Support Care Cancer 2013 Nov 19;21(11):3021-30. Epub 2013 Jun 19.
Department of Radiation Oncology, Odette Cancer Centre, University of Toronto, Sunnybrook Health Sciences Centre, 2075 Bayview Avenue, Toronto, Ontario, Canada, M4N 3M5.
Purpose: Assessment of health-related quality of life (HRQOL) is critical to effective delivery of palliative care in patients with advanced cancer. The current study analyzes relationships between baseline social determinants of health and medical factors, and self-reported HRQOL in patients with bone metastases receiving palliative radiotherapy.

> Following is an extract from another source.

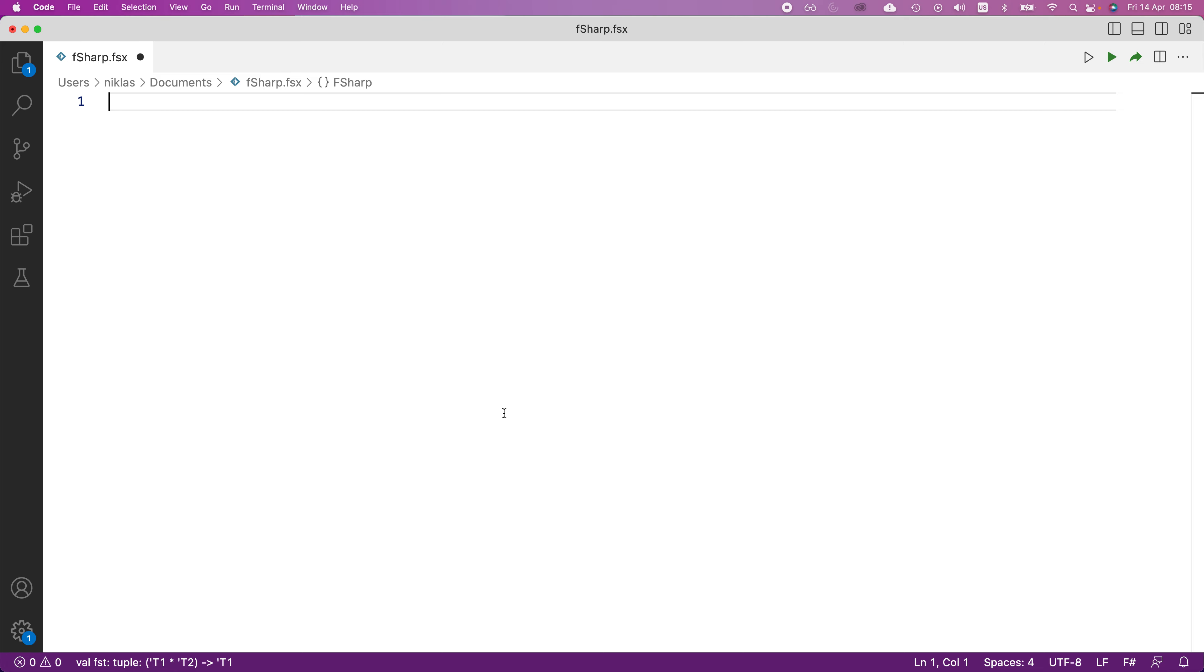This video will show how to access the elements of a tuple. It will be very quick, so let's just define a tuple.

Methods And Materials: Advanced cancer patients referred for radiotherapy treatment of bone metastases completed the EORTC QLQ-C30 questionnaire in multiple outpatient clinics internationally. Demographics and social determinants were collected as baseline information. Univariate and Bonferroni-adjusted multivariate linear regression analyses were used to detect significant correlations between baseline determinants and different HRQOL domains.

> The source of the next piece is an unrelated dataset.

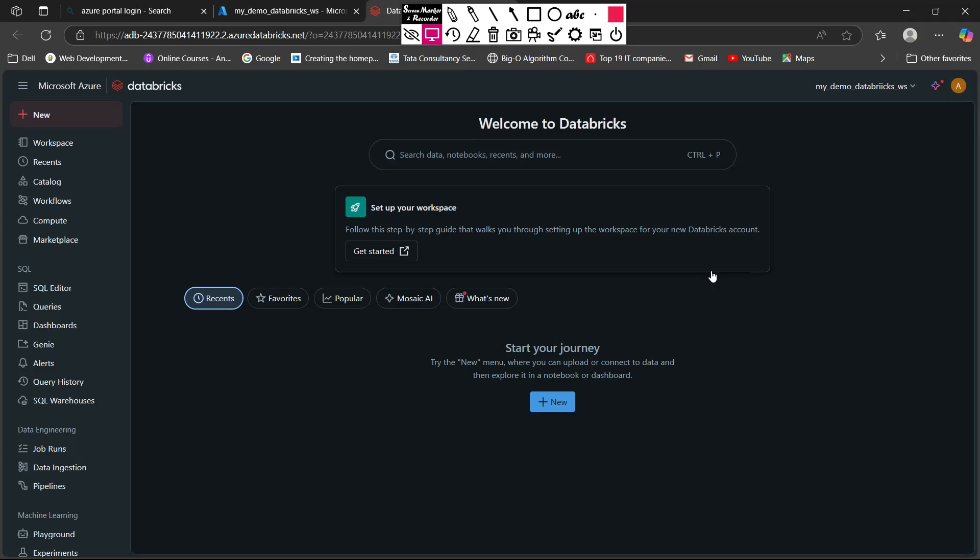Hey everyone, welcome back to the video. In this video we are going to see how we can use Databricks workspace and how we can create a compute cluster in Databricks workspace. So let's see how we can create the Databricks compute.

Results: Karnofsky Performance Status (KPS) was correlated with better physical (p = 0.0002), role (p < 0.0001), emotional (p < 0.0001), and social (p < 0.0001) functioning, and global health scores (p = 0.0015) and predicted lower symptom scores for fatigue (p < 0.0001), pain (p < 0.0001), appetite loss (p < 0.0001), and constipation (p < 0.0001). Increased age was predictive of better social functioning (p < 0.0001) and less insomnia (p = 0.0036), higher education correlated with better global health status (p = 0.0043), and patients who were employed or retired had improved physical functioning (p = 0.0004 and p = 0.0030, respectively) and less financial challenges compared to patients who were unemployed (p = 0.0005).
Conclusions: Baseline KPS had the greatest influence on EORTC QLQ-C30 domain scores. Age, education level, and employment status had significant impacts, although on fewer domains. Further studies that investigate baseline determinants are worthwhile to clarify relationships in order to care for patients more effectively at the end of life.